Existing collaboration with industry partners and existing laws strengthen efforts to end OCSEA. Notable initiatives are plenty, including the Cyber Safe awareness programme in schools, existing hotlines and helplines, the dedicated Malaysian Internet Crime Against Children Investigation Unit, or the tireless work of the Department of Social Welfare’s social service workers in supporting child victims of abuse and exploitation.
“The government of Malaysia today, by seeking out evidence such as contained in this report, has demonstrated its commitment as duty bearer to ensure that children are protected online as much as they are offline. For children, the border that separates cyberspace and real life does not exist. The friendships and knowledge children gain online have as much impact as the ones they have offline. And of equal consequence, are the abuse and exploitation they may face. Children are better protected when we arm them with knowledge, including comprehensive sexuality education and providing support when they face such harms” said Edgar Donoso, UNICEF Representative a.i. to Malaysia.
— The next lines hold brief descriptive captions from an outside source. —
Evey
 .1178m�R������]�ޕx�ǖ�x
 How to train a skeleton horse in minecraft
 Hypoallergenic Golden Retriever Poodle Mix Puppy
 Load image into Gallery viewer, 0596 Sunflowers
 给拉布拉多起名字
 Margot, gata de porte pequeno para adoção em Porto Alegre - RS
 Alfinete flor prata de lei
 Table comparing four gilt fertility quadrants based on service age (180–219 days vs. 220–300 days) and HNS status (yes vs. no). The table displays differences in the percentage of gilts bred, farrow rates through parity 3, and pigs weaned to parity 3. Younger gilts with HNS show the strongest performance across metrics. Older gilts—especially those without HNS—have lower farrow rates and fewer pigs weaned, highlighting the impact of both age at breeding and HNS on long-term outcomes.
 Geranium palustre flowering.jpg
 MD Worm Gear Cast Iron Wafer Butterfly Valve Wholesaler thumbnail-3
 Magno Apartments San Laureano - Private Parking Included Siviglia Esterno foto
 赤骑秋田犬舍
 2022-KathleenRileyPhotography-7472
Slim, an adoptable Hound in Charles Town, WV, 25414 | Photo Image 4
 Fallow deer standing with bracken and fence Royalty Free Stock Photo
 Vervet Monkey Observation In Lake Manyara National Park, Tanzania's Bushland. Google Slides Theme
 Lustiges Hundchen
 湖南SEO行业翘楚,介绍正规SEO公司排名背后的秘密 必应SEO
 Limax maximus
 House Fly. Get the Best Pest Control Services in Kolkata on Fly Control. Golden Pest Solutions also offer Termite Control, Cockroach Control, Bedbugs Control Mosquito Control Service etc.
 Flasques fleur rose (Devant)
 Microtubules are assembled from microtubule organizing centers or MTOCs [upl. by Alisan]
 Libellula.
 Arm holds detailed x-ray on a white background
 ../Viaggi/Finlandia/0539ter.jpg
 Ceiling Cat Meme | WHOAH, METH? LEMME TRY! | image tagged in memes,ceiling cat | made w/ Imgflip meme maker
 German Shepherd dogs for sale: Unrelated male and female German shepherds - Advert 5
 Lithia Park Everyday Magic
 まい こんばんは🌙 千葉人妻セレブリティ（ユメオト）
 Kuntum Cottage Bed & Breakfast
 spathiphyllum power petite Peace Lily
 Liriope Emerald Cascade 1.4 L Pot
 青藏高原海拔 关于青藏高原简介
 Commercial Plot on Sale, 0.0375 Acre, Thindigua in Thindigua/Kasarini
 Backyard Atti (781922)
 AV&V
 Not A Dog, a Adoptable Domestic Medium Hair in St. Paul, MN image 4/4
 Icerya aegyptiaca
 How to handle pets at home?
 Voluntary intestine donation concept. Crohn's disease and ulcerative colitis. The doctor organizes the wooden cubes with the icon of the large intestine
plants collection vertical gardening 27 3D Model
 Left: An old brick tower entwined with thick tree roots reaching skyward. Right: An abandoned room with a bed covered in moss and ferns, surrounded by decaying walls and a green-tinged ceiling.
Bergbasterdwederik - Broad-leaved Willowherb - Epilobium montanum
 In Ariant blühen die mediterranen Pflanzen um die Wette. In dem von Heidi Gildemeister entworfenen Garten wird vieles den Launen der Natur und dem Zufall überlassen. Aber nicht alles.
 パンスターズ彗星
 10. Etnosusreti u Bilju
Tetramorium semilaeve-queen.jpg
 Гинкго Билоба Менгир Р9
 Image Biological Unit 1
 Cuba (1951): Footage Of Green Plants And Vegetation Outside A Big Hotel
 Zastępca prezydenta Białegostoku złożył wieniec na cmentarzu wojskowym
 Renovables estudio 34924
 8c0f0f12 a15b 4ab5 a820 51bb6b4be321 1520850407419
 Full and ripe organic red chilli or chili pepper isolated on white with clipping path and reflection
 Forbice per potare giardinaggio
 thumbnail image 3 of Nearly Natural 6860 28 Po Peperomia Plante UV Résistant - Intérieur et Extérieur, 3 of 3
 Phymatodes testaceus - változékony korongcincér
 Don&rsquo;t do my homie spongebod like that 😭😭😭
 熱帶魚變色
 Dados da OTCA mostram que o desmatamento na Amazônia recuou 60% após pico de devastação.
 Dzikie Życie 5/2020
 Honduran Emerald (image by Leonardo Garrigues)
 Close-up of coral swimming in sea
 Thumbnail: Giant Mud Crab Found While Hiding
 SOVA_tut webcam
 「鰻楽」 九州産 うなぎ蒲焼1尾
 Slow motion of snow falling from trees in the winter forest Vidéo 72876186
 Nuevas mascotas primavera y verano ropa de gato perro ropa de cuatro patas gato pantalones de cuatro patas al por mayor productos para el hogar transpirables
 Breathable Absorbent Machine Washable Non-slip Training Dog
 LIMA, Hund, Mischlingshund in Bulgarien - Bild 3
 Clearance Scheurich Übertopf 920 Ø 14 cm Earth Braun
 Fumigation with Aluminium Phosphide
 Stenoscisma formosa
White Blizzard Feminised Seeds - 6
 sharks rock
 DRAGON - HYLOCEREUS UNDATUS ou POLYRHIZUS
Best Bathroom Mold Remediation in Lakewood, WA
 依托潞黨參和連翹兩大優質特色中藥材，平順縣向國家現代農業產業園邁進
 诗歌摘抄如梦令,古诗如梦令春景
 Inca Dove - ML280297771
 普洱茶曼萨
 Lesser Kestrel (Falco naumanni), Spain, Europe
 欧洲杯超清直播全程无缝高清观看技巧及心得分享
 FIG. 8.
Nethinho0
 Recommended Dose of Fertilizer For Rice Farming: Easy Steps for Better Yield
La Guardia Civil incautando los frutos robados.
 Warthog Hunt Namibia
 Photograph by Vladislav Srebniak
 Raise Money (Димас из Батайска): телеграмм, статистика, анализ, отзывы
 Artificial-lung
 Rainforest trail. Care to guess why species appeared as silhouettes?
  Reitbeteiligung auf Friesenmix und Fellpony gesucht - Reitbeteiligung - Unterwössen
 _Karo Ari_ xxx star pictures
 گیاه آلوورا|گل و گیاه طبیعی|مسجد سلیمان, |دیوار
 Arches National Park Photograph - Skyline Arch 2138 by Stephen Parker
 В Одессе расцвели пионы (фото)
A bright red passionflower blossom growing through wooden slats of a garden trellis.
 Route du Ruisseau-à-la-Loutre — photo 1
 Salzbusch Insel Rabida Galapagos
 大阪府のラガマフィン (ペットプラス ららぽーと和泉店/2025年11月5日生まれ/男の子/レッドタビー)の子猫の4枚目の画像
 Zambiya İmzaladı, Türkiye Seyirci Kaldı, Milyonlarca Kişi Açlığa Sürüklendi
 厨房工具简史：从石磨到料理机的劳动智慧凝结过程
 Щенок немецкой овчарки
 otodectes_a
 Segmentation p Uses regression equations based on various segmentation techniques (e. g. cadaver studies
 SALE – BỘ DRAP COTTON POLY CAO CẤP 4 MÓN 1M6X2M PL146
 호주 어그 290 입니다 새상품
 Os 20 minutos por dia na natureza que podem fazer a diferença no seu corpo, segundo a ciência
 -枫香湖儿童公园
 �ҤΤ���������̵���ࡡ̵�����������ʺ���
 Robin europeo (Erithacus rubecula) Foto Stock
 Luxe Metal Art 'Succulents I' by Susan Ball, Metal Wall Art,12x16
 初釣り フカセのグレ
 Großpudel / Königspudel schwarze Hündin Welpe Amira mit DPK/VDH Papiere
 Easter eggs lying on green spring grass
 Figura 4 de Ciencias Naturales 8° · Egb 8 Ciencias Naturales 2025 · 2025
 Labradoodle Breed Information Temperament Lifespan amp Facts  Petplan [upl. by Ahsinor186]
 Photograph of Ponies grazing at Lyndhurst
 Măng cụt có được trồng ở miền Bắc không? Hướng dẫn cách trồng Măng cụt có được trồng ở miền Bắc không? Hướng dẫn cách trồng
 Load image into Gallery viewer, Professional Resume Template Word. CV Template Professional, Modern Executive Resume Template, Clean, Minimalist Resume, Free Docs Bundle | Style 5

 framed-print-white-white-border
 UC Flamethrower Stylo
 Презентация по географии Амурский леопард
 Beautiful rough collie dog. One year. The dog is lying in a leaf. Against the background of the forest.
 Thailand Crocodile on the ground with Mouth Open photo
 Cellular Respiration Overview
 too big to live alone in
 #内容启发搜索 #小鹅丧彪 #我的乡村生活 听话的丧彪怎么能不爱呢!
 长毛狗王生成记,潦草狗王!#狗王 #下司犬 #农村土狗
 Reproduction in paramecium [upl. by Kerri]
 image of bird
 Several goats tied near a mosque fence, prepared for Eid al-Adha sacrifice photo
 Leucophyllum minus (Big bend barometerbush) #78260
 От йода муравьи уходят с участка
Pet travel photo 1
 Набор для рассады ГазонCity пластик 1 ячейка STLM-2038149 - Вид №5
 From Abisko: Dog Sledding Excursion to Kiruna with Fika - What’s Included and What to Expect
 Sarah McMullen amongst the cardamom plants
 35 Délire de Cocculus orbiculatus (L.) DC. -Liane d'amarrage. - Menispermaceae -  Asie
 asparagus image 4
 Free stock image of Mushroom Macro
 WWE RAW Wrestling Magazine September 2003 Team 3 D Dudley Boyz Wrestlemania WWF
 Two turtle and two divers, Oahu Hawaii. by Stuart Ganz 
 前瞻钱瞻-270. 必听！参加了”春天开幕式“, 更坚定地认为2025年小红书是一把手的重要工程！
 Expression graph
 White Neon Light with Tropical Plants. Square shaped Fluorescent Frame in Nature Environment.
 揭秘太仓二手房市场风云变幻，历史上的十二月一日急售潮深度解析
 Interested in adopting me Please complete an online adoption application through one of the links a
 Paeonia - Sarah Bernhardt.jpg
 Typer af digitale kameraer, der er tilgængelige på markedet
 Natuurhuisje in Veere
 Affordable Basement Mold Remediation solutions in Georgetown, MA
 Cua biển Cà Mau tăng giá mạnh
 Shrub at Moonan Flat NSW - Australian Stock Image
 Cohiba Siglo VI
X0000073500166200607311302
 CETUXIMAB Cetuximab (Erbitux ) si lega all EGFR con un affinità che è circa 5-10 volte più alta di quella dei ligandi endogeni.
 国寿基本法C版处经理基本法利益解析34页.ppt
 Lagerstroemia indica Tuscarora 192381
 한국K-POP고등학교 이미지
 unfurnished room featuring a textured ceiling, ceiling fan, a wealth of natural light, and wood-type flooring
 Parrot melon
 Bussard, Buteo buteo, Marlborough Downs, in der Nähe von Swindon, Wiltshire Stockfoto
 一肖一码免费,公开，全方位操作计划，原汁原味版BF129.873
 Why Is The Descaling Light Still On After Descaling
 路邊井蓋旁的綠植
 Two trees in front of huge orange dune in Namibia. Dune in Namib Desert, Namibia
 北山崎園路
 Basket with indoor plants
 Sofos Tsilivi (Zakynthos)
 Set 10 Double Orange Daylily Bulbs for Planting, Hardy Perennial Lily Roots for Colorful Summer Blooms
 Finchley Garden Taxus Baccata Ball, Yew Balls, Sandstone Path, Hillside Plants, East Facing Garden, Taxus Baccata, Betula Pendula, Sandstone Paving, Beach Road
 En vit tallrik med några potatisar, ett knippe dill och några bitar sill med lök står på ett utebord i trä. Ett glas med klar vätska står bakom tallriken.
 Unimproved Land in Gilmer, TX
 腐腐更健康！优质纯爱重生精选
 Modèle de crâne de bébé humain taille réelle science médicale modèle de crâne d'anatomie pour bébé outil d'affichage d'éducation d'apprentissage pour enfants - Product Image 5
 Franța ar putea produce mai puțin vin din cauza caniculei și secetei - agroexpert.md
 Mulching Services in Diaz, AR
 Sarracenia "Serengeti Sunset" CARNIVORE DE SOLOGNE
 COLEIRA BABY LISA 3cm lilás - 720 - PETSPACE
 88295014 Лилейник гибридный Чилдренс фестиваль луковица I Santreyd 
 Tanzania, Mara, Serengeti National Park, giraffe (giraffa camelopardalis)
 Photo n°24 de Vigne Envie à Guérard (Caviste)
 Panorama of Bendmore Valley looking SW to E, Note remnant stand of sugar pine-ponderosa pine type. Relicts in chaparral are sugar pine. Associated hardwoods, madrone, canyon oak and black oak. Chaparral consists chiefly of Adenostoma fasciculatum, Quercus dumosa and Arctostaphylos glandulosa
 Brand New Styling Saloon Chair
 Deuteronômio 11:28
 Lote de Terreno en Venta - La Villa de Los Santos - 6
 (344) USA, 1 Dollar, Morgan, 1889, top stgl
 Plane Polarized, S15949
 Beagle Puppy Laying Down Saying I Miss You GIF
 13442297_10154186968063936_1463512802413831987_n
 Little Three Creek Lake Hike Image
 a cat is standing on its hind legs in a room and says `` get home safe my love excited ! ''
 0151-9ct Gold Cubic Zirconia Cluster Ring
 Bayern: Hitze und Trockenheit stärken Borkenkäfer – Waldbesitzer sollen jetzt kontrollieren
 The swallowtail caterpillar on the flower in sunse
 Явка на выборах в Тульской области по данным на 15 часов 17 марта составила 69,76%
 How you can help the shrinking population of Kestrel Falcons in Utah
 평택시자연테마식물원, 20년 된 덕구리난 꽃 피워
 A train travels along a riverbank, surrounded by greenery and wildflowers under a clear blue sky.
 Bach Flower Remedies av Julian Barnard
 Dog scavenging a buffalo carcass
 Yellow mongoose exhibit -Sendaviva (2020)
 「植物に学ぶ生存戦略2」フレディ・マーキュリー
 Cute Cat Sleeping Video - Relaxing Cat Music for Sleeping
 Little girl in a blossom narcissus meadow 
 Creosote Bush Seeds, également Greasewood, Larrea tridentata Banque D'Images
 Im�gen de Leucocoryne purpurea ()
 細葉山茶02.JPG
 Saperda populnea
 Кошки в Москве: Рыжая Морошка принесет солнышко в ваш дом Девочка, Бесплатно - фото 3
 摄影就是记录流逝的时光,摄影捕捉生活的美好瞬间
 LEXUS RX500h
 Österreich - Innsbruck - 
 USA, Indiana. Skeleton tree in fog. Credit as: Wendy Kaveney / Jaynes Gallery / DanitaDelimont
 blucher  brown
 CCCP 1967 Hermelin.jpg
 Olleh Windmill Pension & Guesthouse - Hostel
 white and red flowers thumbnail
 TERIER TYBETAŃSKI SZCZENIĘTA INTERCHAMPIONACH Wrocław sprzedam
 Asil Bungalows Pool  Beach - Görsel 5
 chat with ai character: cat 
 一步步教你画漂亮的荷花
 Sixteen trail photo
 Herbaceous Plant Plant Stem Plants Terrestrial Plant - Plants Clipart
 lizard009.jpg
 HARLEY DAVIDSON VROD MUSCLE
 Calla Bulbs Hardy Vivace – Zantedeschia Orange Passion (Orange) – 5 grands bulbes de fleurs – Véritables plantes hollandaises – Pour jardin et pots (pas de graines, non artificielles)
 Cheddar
However, as in all 13 countries included in the Disrupting Harm Research, more needs to be done by a wide range of stakeholders to counter this new threat to children. The research findings point to investing in interagency child protection support and response systems, increasing implementation of existing laws, ensuring the criminal justice system is more child-friendly. Additionally, the research recommends increasing awareness among children, teachers and caregivers regarding OCSEA, allocating more resources as well as sustaining coordination and cooperation across all relevant stakeholders.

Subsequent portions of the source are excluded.